» **PROBLEM DESCRIPTION**: In the material below, find the span from the line with "137 Watford Road" to the line with "Mobil home confortable" and transcribe only those lines, exactly, ends included, without the pictures.

» **DATASET RECORDS**:
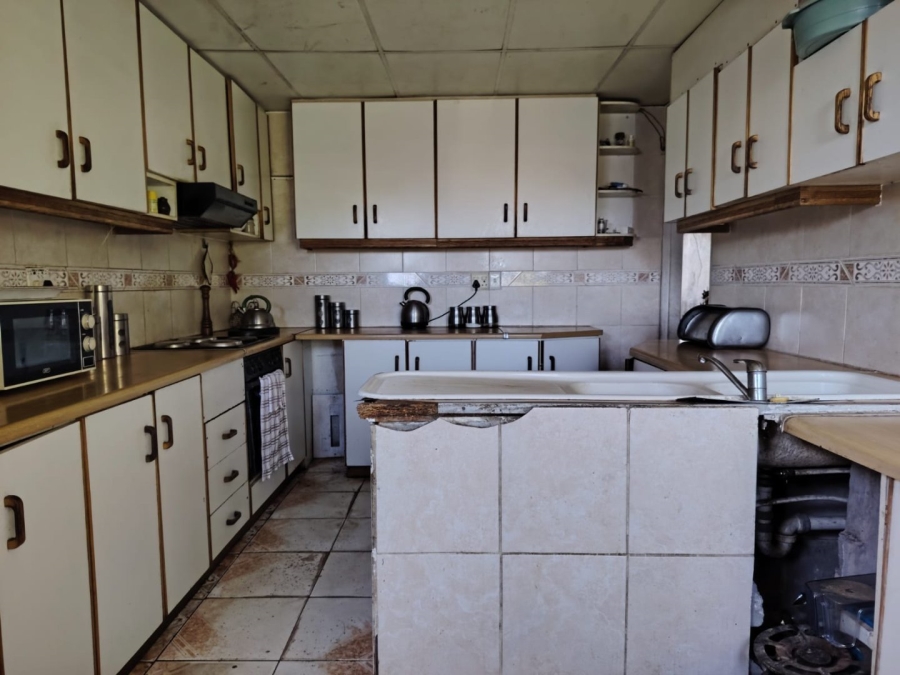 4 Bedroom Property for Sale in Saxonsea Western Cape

...

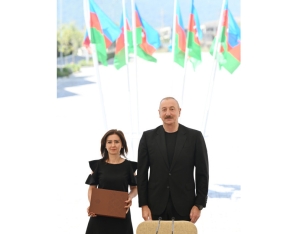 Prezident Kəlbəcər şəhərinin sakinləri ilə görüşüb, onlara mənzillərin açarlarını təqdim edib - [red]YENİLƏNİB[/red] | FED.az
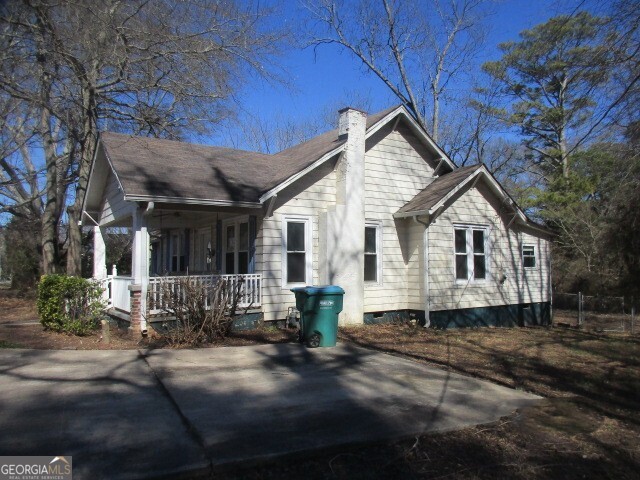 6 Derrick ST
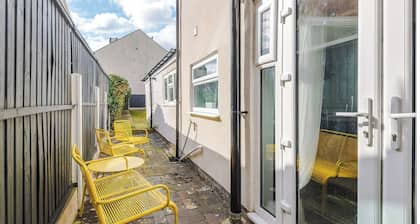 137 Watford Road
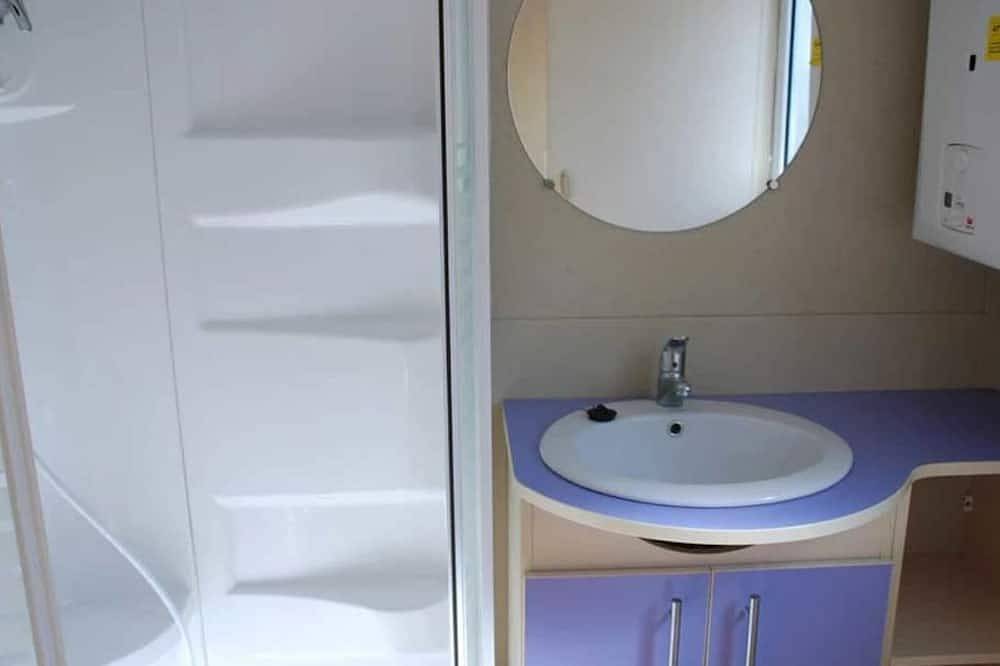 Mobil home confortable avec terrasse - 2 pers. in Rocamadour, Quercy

» **RESULT FOR THIS TASK**:
 137 Watford Road
 Mobil home confortable avec terrasse - 2 pers. in Rocamadour, Quercy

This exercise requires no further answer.